The order that had existed, and which Frank and Terry had tried to shore up over the last few chaotic days, was collapsing. It was, he supposed, a savage kind of mourning. It might end, or it might be building to a worldwide cataclysm. Who knew?

This is where you should be, Frank, Elaine said.

“No,” he told her.

He parked behind his office. Each day he’d found half an hour to stop in here. He fed his strays in their cages and left a bowl of Alpo for the one that was his special pet, his office-dog. There was a mess in the holding area each time he came, and they were restless, shivering and whimpering and howling, because he usually was only able to walk them once a day, if that, and of the eight animals, probably only a couple had ever been housetrained to begin with.

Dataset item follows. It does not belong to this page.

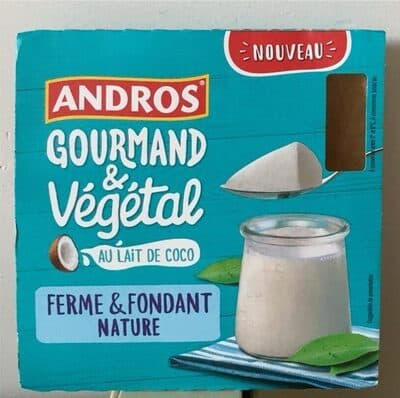 Gourmand & Végétal ferme fondant Nature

He considered putting them down. If something happened to him, they would almost certainly starve; it wasn’t likely a Good Samaritan would come along and take care of them. The possibility of simply releasing them did not cross his mind. You didn’t let dogs run wild.

A fantasy sketched itself in Frank’s mind’s eye: coming in the next day with Nana, letting her help feed and walk them. She always liked to do that. He knew she would love his office-dog, a sleepy-eyed beagle-cocker mix with a stoic manner. She would love the way his head drooped down over his paws like a kid slumped over a desk, forced to listen to some never-ending school lecture. Elaine didn’t like dogs, but no matter what happened, that no longer made a difference. One way or another, he and Elaine were through, and if Nana wanted a dog, it could stay with Frank.

Frank walked them on triple leashes. When he finished, he wrote a note—PLEASE CHECK ON THE ANIMALS. MAKE SURE THEY HAVE FOOD AND WATER. GRAY-WHITE PITBULL MIX IN #7 IS SKITTISH APPROACH CAREFULLY. PLEASE DON’T STEAL ANYTHING, THIS IS A GOVERNMENT OFFICE.—and fastened it to the outside door with duct tape. He stroked the office-dog’s ears for a couple of minutes. “Look at you,” he said. “Just look at you.”

When he returned to his pickup and headed back to the roadblock, the bank clock read 1:11 AM. He’d start prepping everyone for the assault at four thirty. Dawn would come two hours later.





7


Across the prison athletic fields, on the far side of the fence, two men with bandannas over their mouths were using fire extinguishers to put out the tire fires. The extinguisher spray glowed phosphorescent through the night vision scope and the men were limned in yellow. Billy Wettermore didn’t recognize the larger man, but the smaller one he knew well. “Yonder dingleberry in the straw hat is Selectman Miller. Bert Miller,” Billy said to Willy Burke.

There was ironic personal history here. While attending Dooling High, Billy Wettermore had, as a National Honor Society student, interned in the selectman’s office. There he had been forced to silently attend to Bert Miller’s frequent thoughts on homosexuality.

“It’s a mutation,” Selectman Miller explained, and he dreamed of stopping it. “If you could wipe out all the gays in an instant, Billy, perhaps you could stop the mutation from spreading, but then again, much as we might not like to admit it, they’re human, too, aren’t they?”